C’è un calcio che si misura col cronometro e uno che si misura con l’anima. Silvio Baldini appartiene al secondo. Nell’intervista rilasciata al Corriere dello Sport e firmata da Tullio Calzone, l’ex allenatore di Palermo e Pescara racconta la sua verità, quella che non fa sconti alle convenzioni, né rincorre panchine a ogni costo. «Tutti vogliono apparire, io voglio essere», dice. E da lì parte un viaggio tra famiglia, boschi, calcio e libertà.
Il ritorno alla vita vera
Baldini ha scelto di fermarsi, almeno fino a gennaio, per riscoprire il valore del tempo. «La mia famiglia viene prima di tutto», spiega a Tullio Calzone sulle pagine del Corriere dello Sport. Anche Pescara, pur definita «un luogo magico», non ha potuto superare le priorità affettive: «Se mio figlio fa un sacrificio, io devo tenerne conto. Non sono capricci. Allenerei anche gratis, l’ho già fatto. Ma non posso ignorare ciò che conta davvero».

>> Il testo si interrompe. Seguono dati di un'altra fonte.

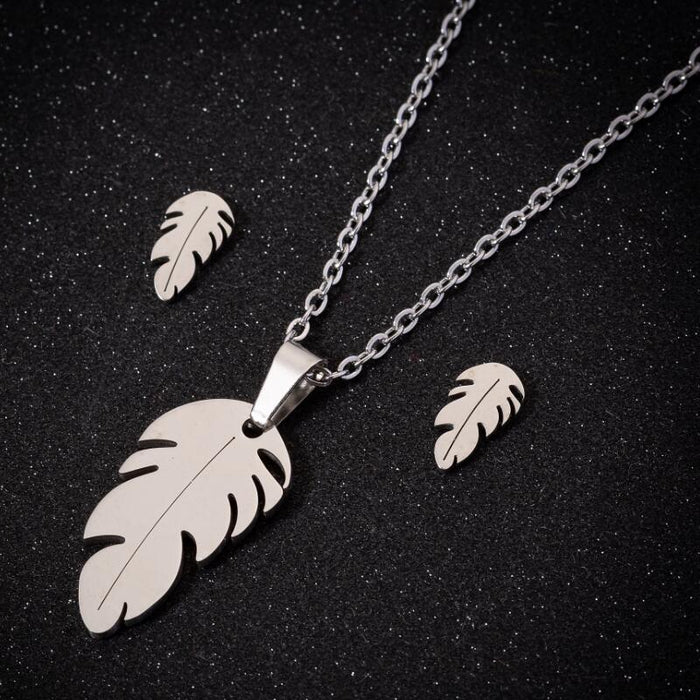 18K gold feather pendant necklace, new modern style small fresh leaf earrings jewelry set ins style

L’etichetta non fa per lui
Mago, filosofo, visionario: definizioni che Baldini respinge. «Sanno di presa per il c…», taglia corto, nell’intervista al Corriere dello Sport. Preferisce le analisi di colleghi come De Zerbi, che dopo le finali con la Ternana lo ha chiamato per complimentarsi: «Mi ha detto che il mio Pescara era organizzato benissimo. Sono parole che contano». Per lui, l’unico metodo è l’empatia, la connessione umana. «I risultati arrivano solo se c’è unione».
Albe e tramonti, calcio e silenzio
Baldini è un uomo d’alba, non di tramonto. «Vedere la vita che rinasce è molto più bello», confida. Ma ammette di aver passato anche notti al buio, «a pensare e riflettere nel silenzio dei boschi». Non si è mai piegato al culto del “risultatismo”, anche se vincere gli piace eccome. «Ma voglio farlo con etica, attraverso il lavoro. Non rubando la partita».

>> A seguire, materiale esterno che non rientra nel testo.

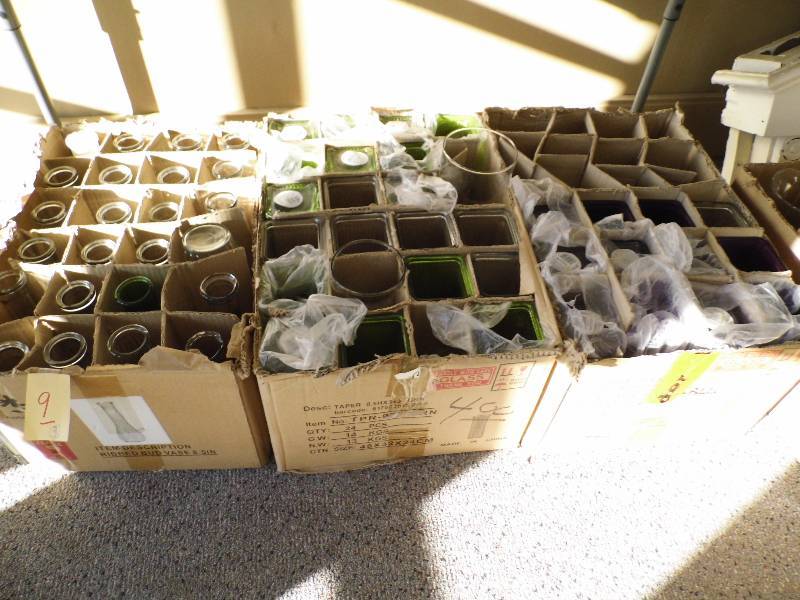 lot 9 image: 3 Boxes of Assorted Vases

Nel colloquio con Tullio Calzone sul Corriere dello Sport, insiste: «Restare se stessi è fondamentale. La mia filosofia è non lasciare che il tempo passi invano». Ed è proprio questo ciò che trasmette ai suoi giocatori, a partire da quelli del suo “Pescara degli eroi”.
Una scelta di dignità
Il denaro non è mai stato il motore della sua carriera. «Ho la mia pensione, mi basta», spiega. Alla Carrarese ha allenato gratis. A Palermo ha rinunciato «per dignità», nonostante il legame forte con la piazza: «Non me lo faranno più allenare, ma resterò sempre l’allenatore dei palermitani». Anche su questo punto, il Corriere dello Sport ribadisce la coerenza di un tecnico capace di lasciare il segno anche con una permanenza breve.

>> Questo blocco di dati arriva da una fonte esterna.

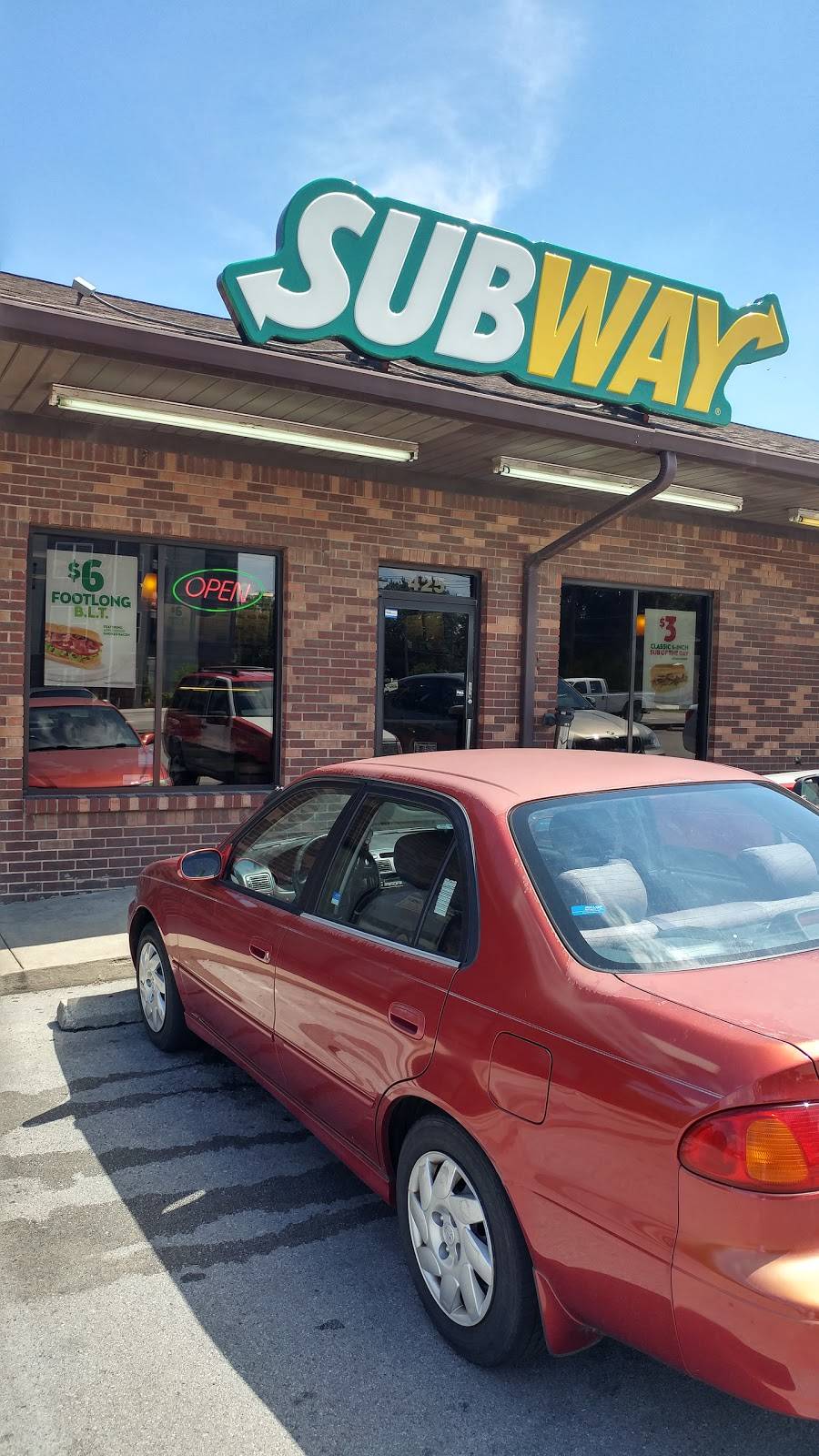 Subway | restaurant | 425 Warnock St, Louisville, KY 40217, USA | 5026364321 OR +1 502-636-4321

Famiglia e montagna, i suoi veri riferimenti
Se c’è una costante nella vita di Baldini, è la famiglia. «Senza famiglia, sei un uomo debole. Ti obbliga alla responsabilità e all’amore», afferma. La stessa coerenza la trova nei pastori e nei contadini, «gente che non ha compromessi con la natura, che ti dice le cose come stanno». I suoi riferimenti non sono i guru del calcio moderno, ma gli esseri umani veri. E le sue Alpi Apuane, così simili – dice – ai monti siciliani che ha imparato ad amare.
Addii e incomprensioni
Alla domanda sui suoi tanti addii improvvisi, Baldini risponde con semplicità: «Non me lo sono mai chiesto davvero». A Palermo, con Zamparini, fu silurato senza preavviso. «Se ti mettono tre massaggiatori e due preparatori senza dirtelo, vuol dire che non conti niente». E anche oggi, dopo aver lasciato il Pescara in B, si prende il tempo di restare in silenzio. «Spalletti? Non l’ho chiamato. In certi momenti la solidarietà non serve. Lui sa chi è dalla sua parte».
Una lezione per il calcio di oggi
Sul declino del calcio italiano ha idee chiare: «S’è perso il più grande valore: l’umanità. La scuola è svuotata. I telefonini hanno sostituito gli insegnanti. Tutti vogliono essere cittadini del mondo, ma l’identità conta. Bisogna ripartire dalla scuola». E conclude, nell’intervista a Tullio Calzone per il Corriere dello Sport: «Non ho un metodo. I risultati si costruiscono con l’empatia. A Pescara mi hanno messo nelle condizioni ideali. E nessuno ci credeva».